Before the climb we’re shown a safety video and are instructed how to use the safety harness and climb latch. The latch stays attached to the walkway cable for the whole of the climb. When you get to a cable post, you have to angle the latch and wiggle it to get past the post and continue to the next section of cable.
When we reach the viewing platform at the top of the walkway, Martin unclips us from the cable and we’re free to take photos and enjoy the views across the Thames and Canary Wharf, the city’s financial district. We’re 52 metres above ground level. I take some photos with my phone, the only piece of equipment which we’re allowed to bring on the climb – our climbing suits have a special phone pocket in one of the sleeves.
I realise that I’m cold, despite the climbing suit and my woolly hat and gloves. I put up my hood to give an extra layer of protection against the April morning chill.
After 15 minutes we walk down the other side of the dome. This part of the climb is even steeper than the ascent – it’s a 30-degree slope.

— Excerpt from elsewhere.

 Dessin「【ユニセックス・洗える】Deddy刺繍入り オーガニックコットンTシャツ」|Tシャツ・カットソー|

Martin warns us to keep our distance from each other, just in case anyone falls over. I focus hard on walking down and wiggling the latch along the cable, and a few minutes later I’m back on the ground. The walkway is 380 metres long in total, and the whole experience has taken us 90 minutes, including the safety briefing.

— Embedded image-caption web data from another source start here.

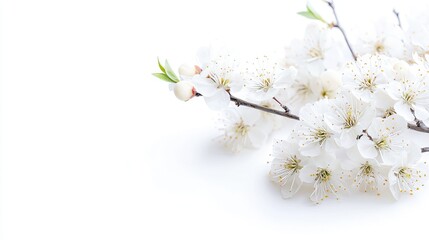 Spring blossom branch, white flowers, isolated background, nature, card design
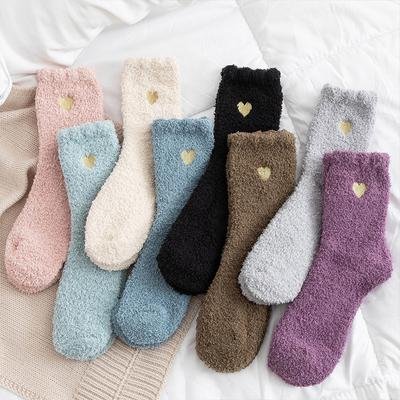 Thickening Women Winter Warm Woolen Socks Lovely Casual Plush Keep Warm Sleep Home Floor Sock Coral Fluffy Feet Warmer Accessary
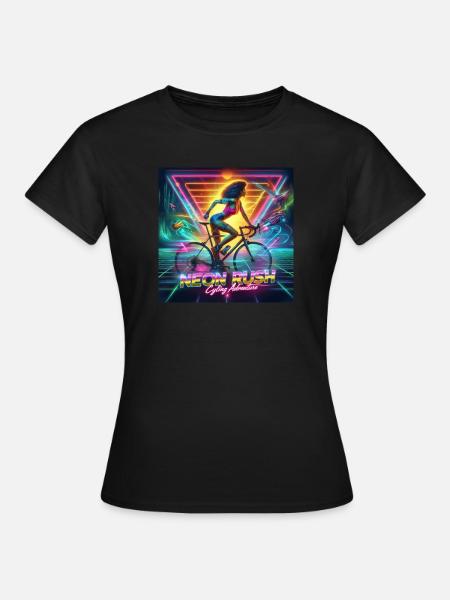 Neon Rush - Girl cycling 80s style poster - Women's T-Shirt - black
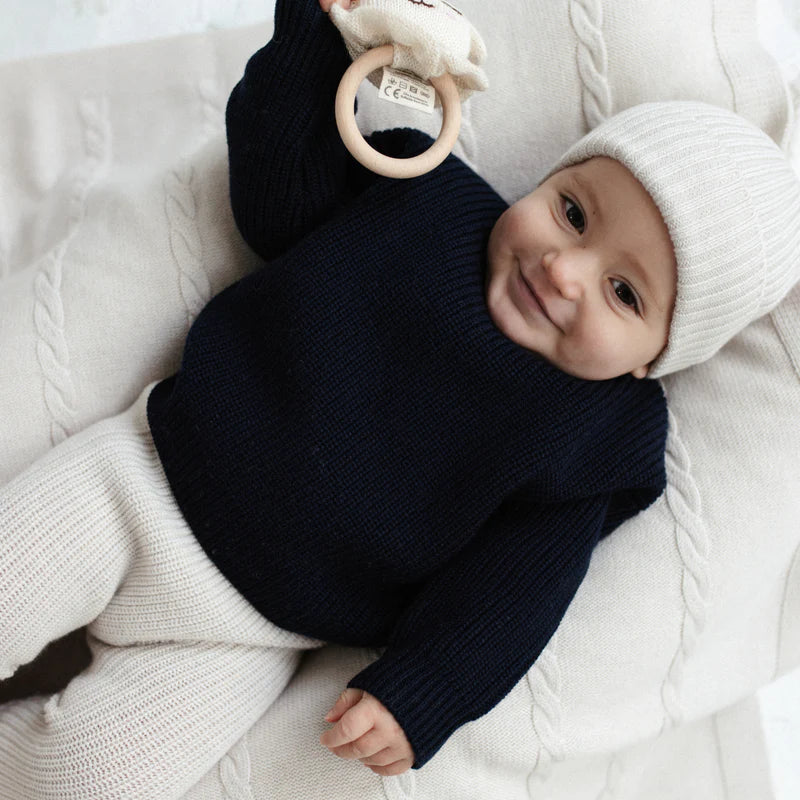 Lille Toni - Pullover Paul aus 100 % Merinowolle in Navy Blue 3-4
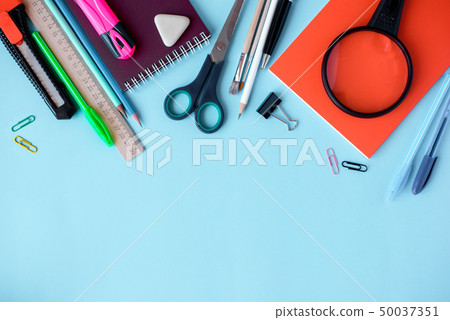 School supplies on blue background School supplies on blue background 50037351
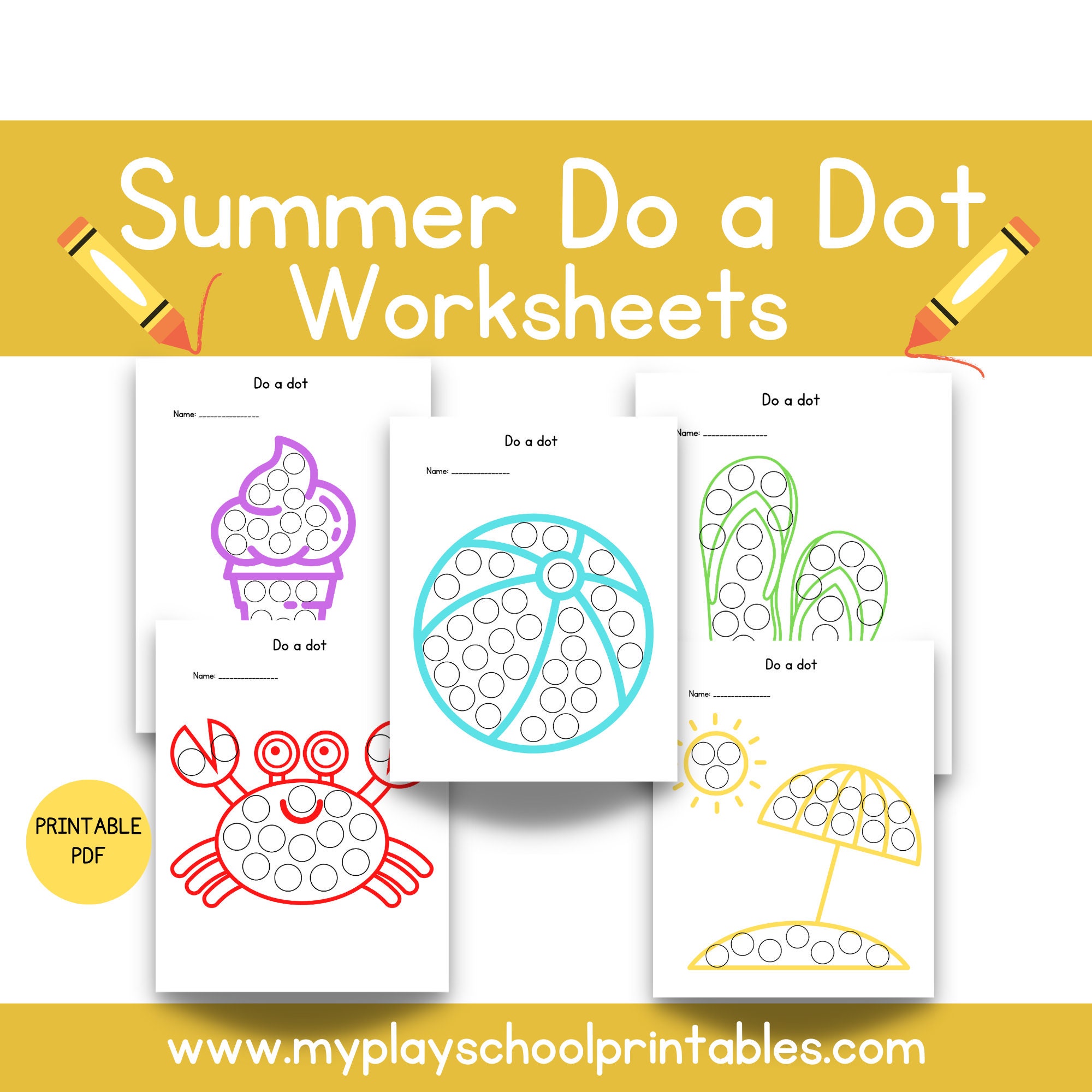 Summer Do A Dot Worksheets Do A Dot Printables Pdf Do A Dot Etsy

Tickets for the Up at The O2 Original Climb cost £35.00 per person.
Climbers must be at least 10 years old, at least 1.2 metres tall, and weigh less than 21 stone. Under-18s must be with an adult, and there must be one adult for each two children. For full details go to the Up at The O2 website.
We drove to the O2 from Surrey and parked in one of the car parks next to the arena. You can also get there by tube – North Greenwich station takes you right to the site. MBNA Thames Clipper boats also stop at The O2.
My husband says: ‘It was a great experience to scale this iconic building.’
I enjoyed the Up at The O2 experience. It was well organised, I felt completely safe, and it was good to see London from a different perspective.
Disclosure: Our tickets for Up at The O2 were provided for the purposes of this review.